URL filter controls which URLs are allowed in text. You configure:
  • URL allow list — Domains, IPs, or CIDR ranges that are permitted. Only URLs that match the allow list (and allowed schemes) pass.
  • Allowed schemes — e.g. https only; URLs with other schemes (e.g. http, file) can be blocked.
  • Block user info — Reject URLs that contain username/password segments (e.g. https://user:[email protected]).
  • Allow subdomains — When enabled, subdomains of allowed domains are permitted (e.g. api.example.com if example.com is allowed).
Use this to prevent model output or user content from exposing or linking to unsafe or disallowed URLs.

Output formatter

Output formatter defines the expected JSON structure for model output. When enabled, you provide a JSON schema or template; the guardrail can validate that the model’s response conforms to it (e.g. for structured APIs or downstream parsing). Invalid or non-conforming output can be flagged or blocked. This is useful when you need a fixed shape (for example, an object with answer and confidence fields) and want to catch malformed responses.

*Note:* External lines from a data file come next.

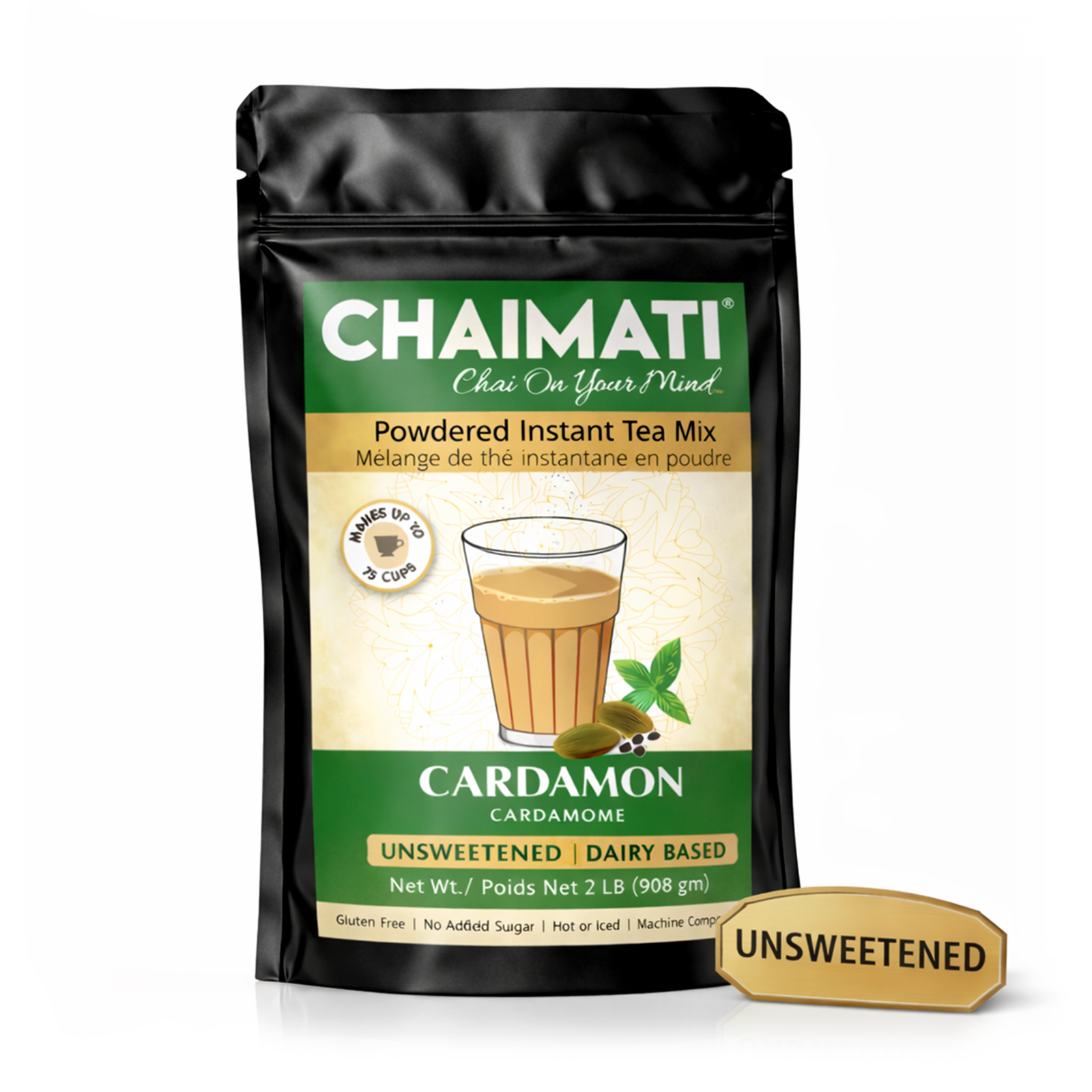 CHAIMATI Unsweetened Instant Cardamom Chai Latte Premix - 2 lb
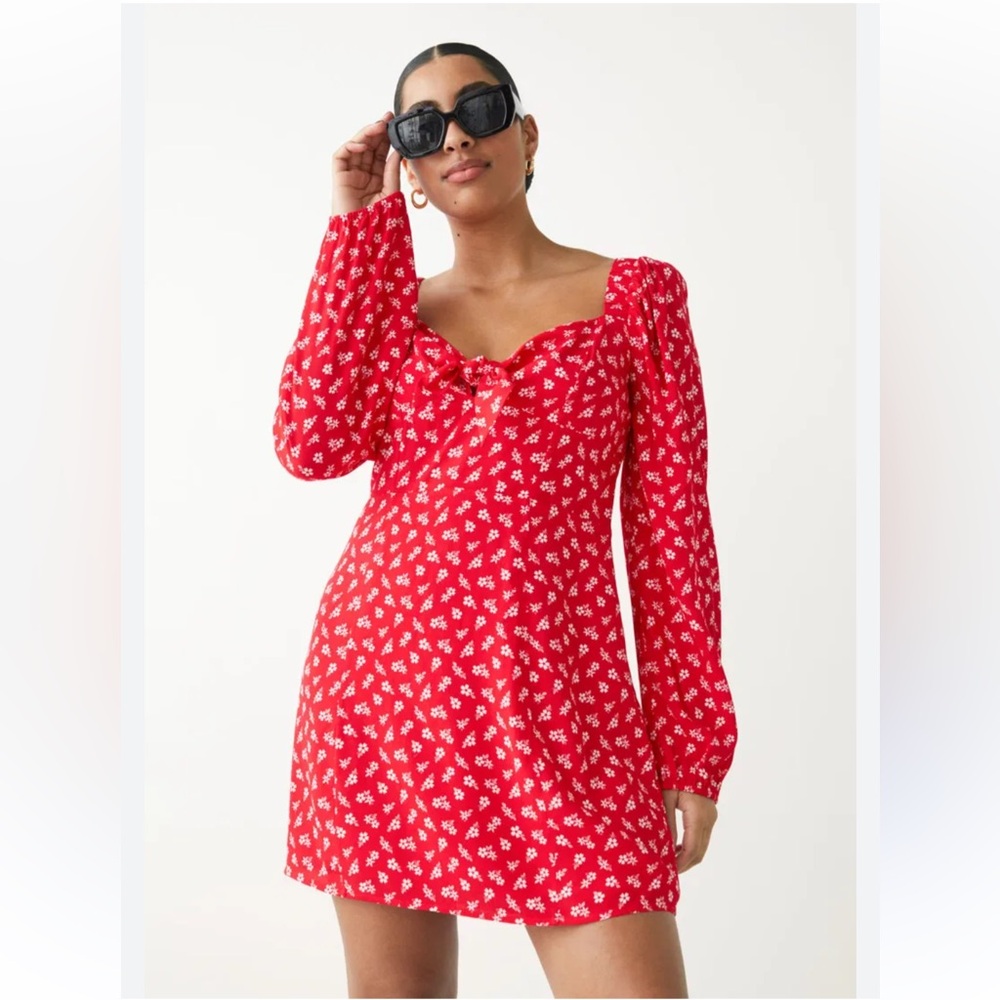 & Other Stories Red Floral Long Sleeve Dress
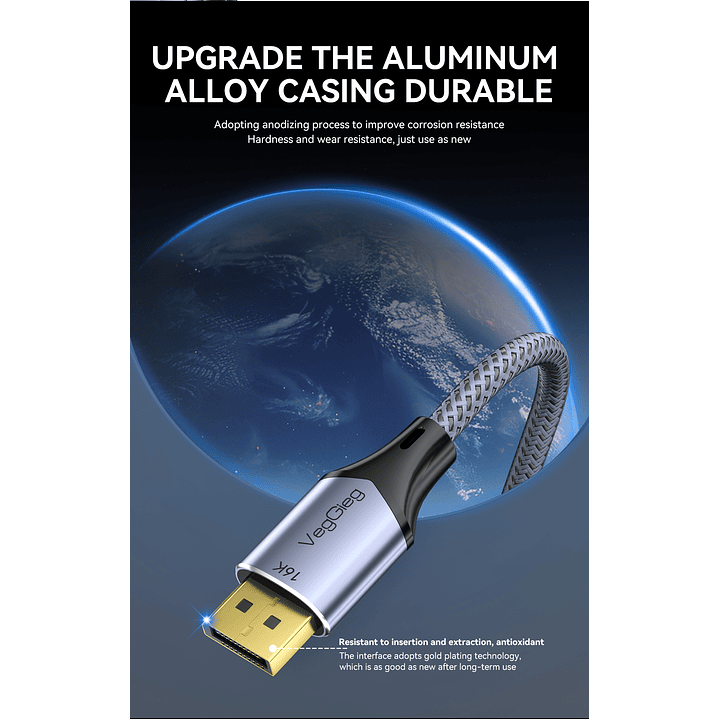 Cable Displayport Dp 2.1 16k 8k 4k 144hz/165hz/240hz  Veggieg reforzado trenzado HDR ARC 7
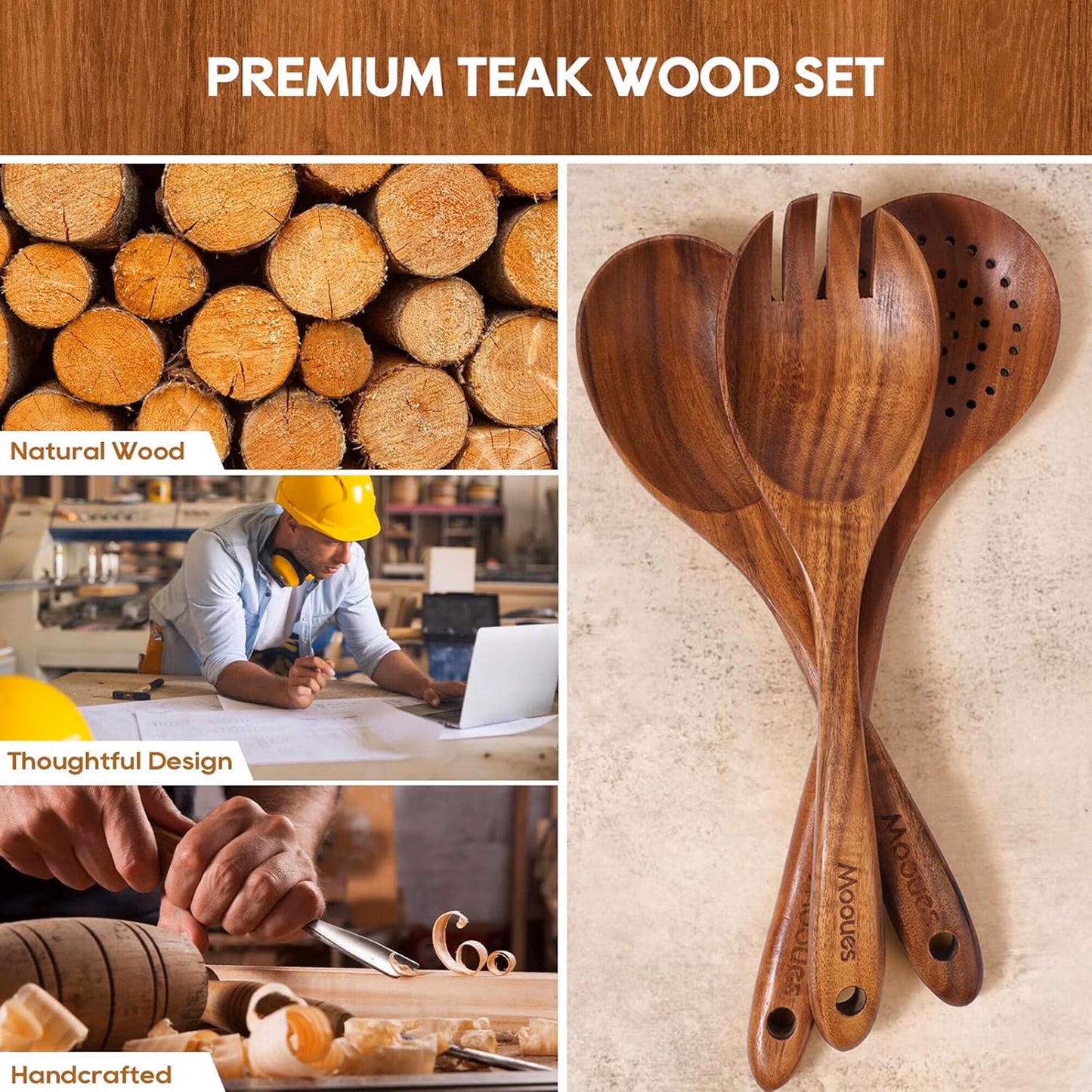 ACMETOP 8-Piece Natural Teak Wooden Spoons for Cooking With 10 Hooks，Handcrafted Kitchen Utensils Set ，Ideal Gift Set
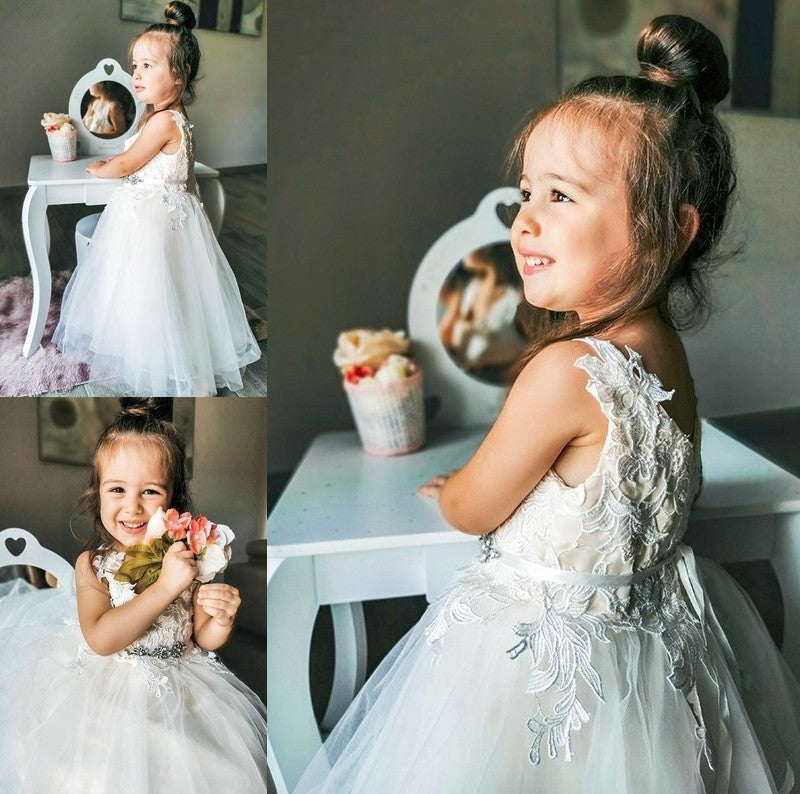 Sleeveless V-neck A-Line/Princess Tulle Ankle-Length Lace Flower Girl Dresses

Evaluating guardrails (SDK and API)

  • SDK: Use limits.guard(policyKeyOrTag, input) where input is the text string. See SDK Guardrails.
  • API: POST /api/policies/{policyKey}/evaluate/guardrails with body { "request": { "input": "..." } }. See API Reference.
You can use a policy key or a tag. With a tag, the strictest result across all matching policies wins: Block → Escalate → Allow.